PROBLEM DETAILS:
Up to and including the line with "Thirsty crow story in", please reproduce the lines below exactly, beginning with the first.

(Caption-style text data)
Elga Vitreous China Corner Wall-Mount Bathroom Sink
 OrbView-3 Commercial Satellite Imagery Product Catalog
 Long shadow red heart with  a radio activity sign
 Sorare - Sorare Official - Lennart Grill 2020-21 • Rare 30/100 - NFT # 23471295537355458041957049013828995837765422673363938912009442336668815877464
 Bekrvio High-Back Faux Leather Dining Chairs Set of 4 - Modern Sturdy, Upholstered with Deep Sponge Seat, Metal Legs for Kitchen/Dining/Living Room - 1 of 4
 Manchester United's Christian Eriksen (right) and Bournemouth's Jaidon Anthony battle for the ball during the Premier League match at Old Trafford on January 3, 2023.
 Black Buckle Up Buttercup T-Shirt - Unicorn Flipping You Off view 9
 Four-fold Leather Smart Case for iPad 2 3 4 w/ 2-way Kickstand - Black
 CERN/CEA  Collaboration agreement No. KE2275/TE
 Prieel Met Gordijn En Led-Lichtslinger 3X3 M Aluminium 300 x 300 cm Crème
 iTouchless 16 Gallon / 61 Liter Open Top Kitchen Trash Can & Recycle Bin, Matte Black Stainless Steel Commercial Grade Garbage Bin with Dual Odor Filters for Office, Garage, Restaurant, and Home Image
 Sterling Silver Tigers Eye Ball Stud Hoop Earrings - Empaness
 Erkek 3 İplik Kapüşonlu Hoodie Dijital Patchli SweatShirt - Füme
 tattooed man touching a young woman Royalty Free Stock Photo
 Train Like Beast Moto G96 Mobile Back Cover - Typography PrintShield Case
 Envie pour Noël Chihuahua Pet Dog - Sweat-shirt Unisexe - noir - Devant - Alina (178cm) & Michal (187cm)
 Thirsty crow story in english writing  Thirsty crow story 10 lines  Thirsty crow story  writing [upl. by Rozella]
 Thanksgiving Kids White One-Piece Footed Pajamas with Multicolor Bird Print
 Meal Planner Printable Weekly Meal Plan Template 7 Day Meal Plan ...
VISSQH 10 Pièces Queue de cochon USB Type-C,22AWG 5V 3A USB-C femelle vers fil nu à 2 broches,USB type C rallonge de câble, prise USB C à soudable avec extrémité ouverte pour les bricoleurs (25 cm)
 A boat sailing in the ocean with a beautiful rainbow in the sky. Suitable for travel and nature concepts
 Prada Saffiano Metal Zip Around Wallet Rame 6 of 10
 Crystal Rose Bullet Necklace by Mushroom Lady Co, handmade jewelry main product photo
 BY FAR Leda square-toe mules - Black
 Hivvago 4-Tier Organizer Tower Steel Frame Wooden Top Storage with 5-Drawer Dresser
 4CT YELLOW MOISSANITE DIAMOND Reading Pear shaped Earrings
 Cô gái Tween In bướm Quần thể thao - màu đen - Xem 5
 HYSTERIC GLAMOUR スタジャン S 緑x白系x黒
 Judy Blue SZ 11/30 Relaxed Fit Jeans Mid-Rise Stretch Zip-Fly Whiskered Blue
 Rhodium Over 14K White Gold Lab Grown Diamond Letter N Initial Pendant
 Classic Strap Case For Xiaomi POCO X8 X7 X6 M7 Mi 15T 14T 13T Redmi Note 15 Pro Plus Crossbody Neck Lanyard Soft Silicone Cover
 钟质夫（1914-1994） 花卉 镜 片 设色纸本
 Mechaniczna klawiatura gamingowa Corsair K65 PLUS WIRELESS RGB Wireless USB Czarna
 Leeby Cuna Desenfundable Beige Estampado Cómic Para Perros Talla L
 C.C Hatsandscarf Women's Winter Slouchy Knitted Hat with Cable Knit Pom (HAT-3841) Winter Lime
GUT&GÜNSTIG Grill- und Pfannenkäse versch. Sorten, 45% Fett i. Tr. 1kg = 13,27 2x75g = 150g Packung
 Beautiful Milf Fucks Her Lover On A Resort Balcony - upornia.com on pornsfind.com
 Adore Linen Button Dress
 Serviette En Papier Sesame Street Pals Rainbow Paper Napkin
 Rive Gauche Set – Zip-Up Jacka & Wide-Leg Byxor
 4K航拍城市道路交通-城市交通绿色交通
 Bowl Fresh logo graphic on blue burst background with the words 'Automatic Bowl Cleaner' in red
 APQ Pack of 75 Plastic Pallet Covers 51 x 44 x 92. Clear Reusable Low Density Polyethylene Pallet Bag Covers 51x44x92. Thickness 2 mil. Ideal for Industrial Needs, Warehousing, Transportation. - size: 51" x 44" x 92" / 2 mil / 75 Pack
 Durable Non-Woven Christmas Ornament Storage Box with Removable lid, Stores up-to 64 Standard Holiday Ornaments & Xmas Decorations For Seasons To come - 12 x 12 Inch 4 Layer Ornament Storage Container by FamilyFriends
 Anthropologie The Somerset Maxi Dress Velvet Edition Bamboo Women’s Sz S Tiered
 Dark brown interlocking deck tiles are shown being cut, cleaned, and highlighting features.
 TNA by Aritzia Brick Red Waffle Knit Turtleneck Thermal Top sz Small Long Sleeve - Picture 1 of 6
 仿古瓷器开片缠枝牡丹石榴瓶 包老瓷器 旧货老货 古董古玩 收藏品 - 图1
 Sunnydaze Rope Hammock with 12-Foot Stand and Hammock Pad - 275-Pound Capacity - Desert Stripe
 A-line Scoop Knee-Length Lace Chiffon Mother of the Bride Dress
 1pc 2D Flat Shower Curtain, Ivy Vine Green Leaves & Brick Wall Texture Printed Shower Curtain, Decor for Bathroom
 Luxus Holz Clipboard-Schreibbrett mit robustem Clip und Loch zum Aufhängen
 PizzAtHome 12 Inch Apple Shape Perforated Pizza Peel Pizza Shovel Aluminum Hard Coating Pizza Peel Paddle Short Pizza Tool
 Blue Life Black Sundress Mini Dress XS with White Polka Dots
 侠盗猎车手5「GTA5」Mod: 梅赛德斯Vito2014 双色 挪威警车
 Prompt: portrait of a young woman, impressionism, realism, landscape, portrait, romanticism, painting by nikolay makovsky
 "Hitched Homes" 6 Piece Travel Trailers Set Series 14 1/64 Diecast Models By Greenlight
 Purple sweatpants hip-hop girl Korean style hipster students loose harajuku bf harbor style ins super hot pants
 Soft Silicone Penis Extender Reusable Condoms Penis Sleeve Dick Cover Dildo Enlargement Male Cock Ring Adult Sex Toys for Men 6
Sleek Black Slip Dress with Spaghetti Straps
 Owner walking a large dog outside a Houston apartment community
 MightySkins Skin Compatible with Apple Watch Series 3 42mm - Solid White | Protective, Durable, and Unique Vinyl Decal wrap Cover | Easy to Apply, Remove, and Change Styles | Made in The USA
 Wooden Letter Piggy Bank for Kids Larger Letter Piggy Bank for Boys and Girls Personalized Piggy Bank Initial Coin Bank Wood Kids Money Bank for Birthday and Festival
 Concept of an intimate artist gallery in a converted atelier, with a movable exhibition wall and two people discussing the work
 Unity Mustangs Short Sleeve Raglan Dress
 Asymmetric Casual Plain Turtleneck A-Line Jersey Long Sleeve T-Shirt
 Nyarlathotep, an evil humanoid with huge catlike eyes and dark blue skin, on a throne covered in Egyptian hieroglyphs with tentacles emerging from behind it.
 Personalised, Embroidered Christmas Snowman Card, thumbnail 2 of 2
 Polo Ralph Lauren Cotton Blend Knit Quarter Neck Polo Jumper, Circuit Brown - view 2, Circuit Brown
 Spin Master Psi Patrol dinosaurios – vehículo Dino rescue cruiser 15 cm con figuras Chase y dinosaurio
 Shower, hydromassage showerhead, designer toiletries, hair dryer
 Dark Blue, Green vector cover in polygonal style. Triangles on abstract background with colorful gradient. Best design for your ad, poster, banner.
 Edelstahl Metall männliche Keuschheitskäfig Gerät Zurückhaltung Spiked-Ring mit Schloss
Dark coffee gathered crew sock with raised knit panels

WRITTEN SOLUTION:
Elga Vitreous China Corner Wall-Mount Bathroom Sink
 OrbView-3 Commercial Satellite Imagery Product Catalog
 Long shadow red heart with  a radio activity sign
 Sorare - Sorare Official - Lennart Grill 2020-21 • Rare 30/100 - NFT # 23471295537355458041957049013828995837765422673363938912009442336668815877464
 Bekrvio High-Back Faux Leather Dining Chairs Set of 4 - Modern Sturdy, Upholstered with Deep Sponge Seat, Metal Legs for Kitchen/Dining/Living Room - 1 of 4
 Manchester United's Christian Eriksen (right) and Bournemouth's Jaidon Anthony battle for the ball during the Premier League match at Old Trafford on January 3, 2023.
 Black Buckle Up Buttercup T-Shirt - Unicorn Flipping You Off view 9
 Four-fold Leather Smart Case for iPad 2 3 4 w/ 2-way Kickstand - Black
 CERN/CEA  Collaboration agreement No. KE2275/TE
 Prieel Met Gordijn En Led-Lichtslinger 3X3 M Aluminium 300 x 300 cm Crème
 iTouchless 16 Gallon / 61 Liter Open Top Kitchen Trash Can & Recycle Bin, Matte Black Stainless Steel Commercial Grade Garbage Bin with Dual Odor Filters for Office, Garage, Restaurant, and Home Image
 Sterling Silver Tigers Eye Ball Stud Hoop Earrings - Empaness
 Erkek 3 İplik Kapüşonlu Hoodie Dijital Patchli SweatShirt - Füme
 tattooed man touching a young woman Royalty Free Stock Photo
 Train Like Beast Moto G96 Mobile Back Cover - Typography PrintShield Case
 Envie pour Noël Chihuahua Pet Dog - Sweat-shirt Unisexe - noir - Devant - Alina (178cm) & Michal (187cm)
 Thirsty crow story in english writing  Thirsty crow story 10 lines  Thirsty crow story  writing [upl. by Rozella]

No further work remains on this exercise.